Five years later, Hilary has a meeting with Terese regarding her planned retirement village. When Jane Harris (Annie Jones) interrupts and tells Hilary that the village is planned to be where Erinsborough High is located, Hilary abruptly departs the meeting. She ultimately buys an apartment and moves into the complex upon its opening. Upon hearing of this, Terese confronts Hilary and Paul and accuses Paul of buying the apartment for Hilary, but she abruptly denies it. She later complains after students from Erisborough High steal her belongings from her apartment. Hilary later facilitates a protest about the Lassiters Boylesque dancing event run by Krista Sinclair (Majella Davis), and gets Moira Tohu (Robyn Arthur) and Gino Esposito (Shane McNamara) to protest on her behalf. Hilary and Moira eavesdrop on Karl and Susan Kennedy (Jackie Woodburne) discussing potentially giving Terese work at Eirini Rising after being forced to step down. The two run a meeting at Harold's Café with the residents as a result of what they overheard. Hilary later watches over Paul and Terese as they select photos for the Erinsborough Lights Up event. She attends the Lost Loves photo display, and Paul adds a photo on her behalf, which pleasantly surprises her. Hilary and Moira introduce themselves to Vera Punt (Sally-Anne Upton) as she moves into Eirene Rising, and are disgusted by her gossip about them. She is later approached by Agnes Adair (Anne Charleston), who asks her where JJ Varga-Murphy (Riley Bryant) is. Hilary later hangs out in the Eirini games room and watches Vera and Moira argue, before being asked out by Monte Jones (Dennis Coard).

==Reception==
Ruth Deller of entertainment website Lowculture commented on Hilary stating: "Jim's cousin Hilary was one of the street's best busybodies. She was mostly a recurring guest character in the series, although she did have a stint as a permanent resident. She was a bit of a 'fusspot' but with her heart in the right place". In her book, The Neighbours Programme Guide, author Josephine Monroe assessed that "Hilary is not anyone's ideal mother – she barely scrapes through in the wicked stepmother stakes – and Matt was disappointed when she showed no interest in getting to know him." To celebrate the 20th anniversary of Neighbours, the BBC asked readers to nominate their 20 favourite obscure characters. Hilary came in fourth place and the readers called her "perpetually bitchy and irascible – got on everyone's nerves and was hugely funny". They added, "Appeared sporadically in the late 80s.
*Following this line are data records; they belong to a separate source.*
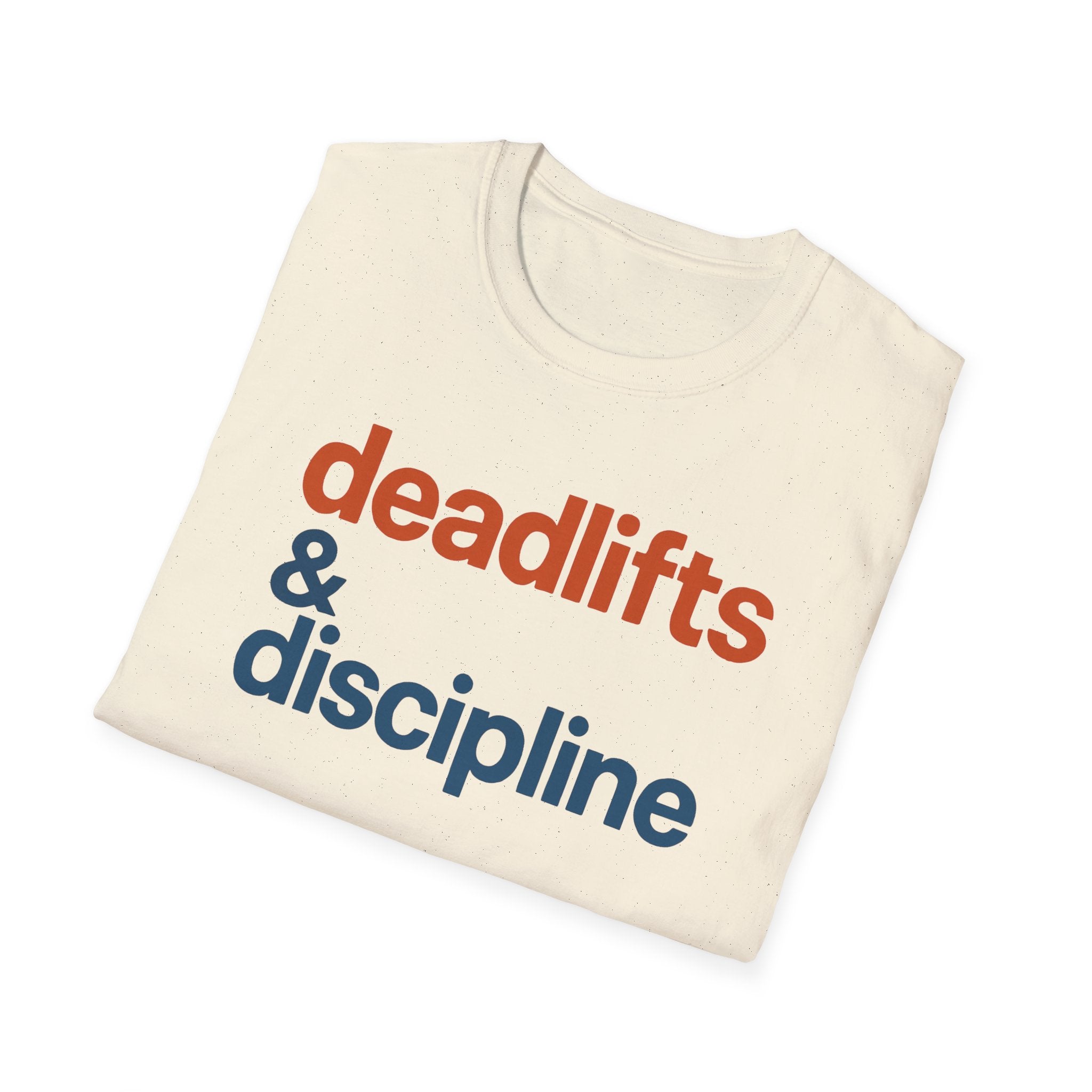 Deadlifts & Discipline – Bold Gym Typography T-Shirt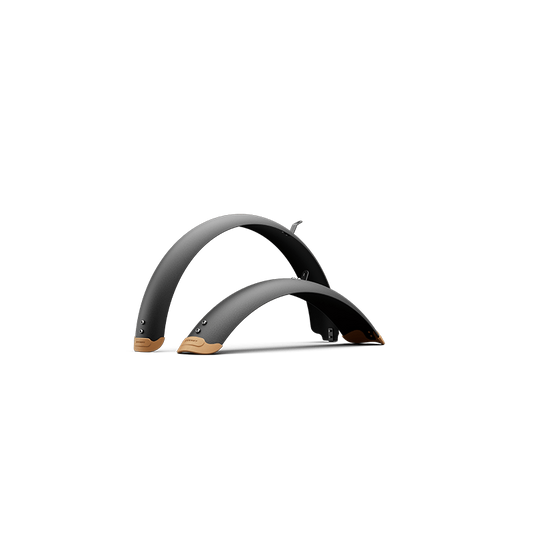 Two Segway MUXI Fender Set fenders in black with tan ends are shown side by side on a plain white background—ideal as electric bike fenders for your Segway MUXI.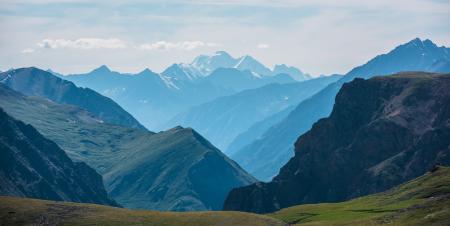 mountain landscape blue mountains - cloudy sky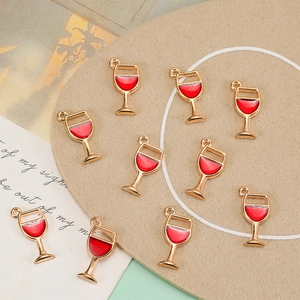 Set of 10 red enamel wine glass charms with gold metal frames for DIY earring making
She wasn't based in Erinsborough but somehow got Jim and Beverly together – as if Dr Bev would ever have been a friend of such an old witch!!". Barbara Toner from Radio Times branded the character "Jim's clever but sour-faced cousin." Ruth Hessey from The Sydney Morning Herald described Hilary as an "extremely uptight" woman.

In Neighbours: The Official Annual 1991, John McCready and Nicola Furlong said that Sharon Davies (Jessica Muschamp) never got any peace and tranquillity when Hilary was around. They also said Scott-Pendlebury had made a mark on Neighbours. The Evening Times said Hilary "is the tactless cousin of The Robinson family who despite all her faults did bring Beverly and Jim together." A writer from Inside Soap branded Hilary Ramsay Street's "strait-laced resident". In 2015, a TV Week columnist praised Hilary's return and wrote "here's to you, Hilary Robinson. Yep, she's back! Older Neighbours fans will get a real kick out of seeing Hilary (Anne Scott-Pendlebury) once more. They'll remember her as the bossy, meddling, do-gooder cousin of Paul Robinson (Stefan Dennis)." A Coventry Evening Telegraph reporter branded Hilary "irritating". Daniel Kilkelly from Digital Spy branded Hilary an "interfering" character. In a 1990 poll ran by Woman magazine, Pendlebury was rated one of the least popular "soap stars". A Herald Sun reporter included Hilary's 2015 return in their "Neighbours' 30 most memorable moments" feature.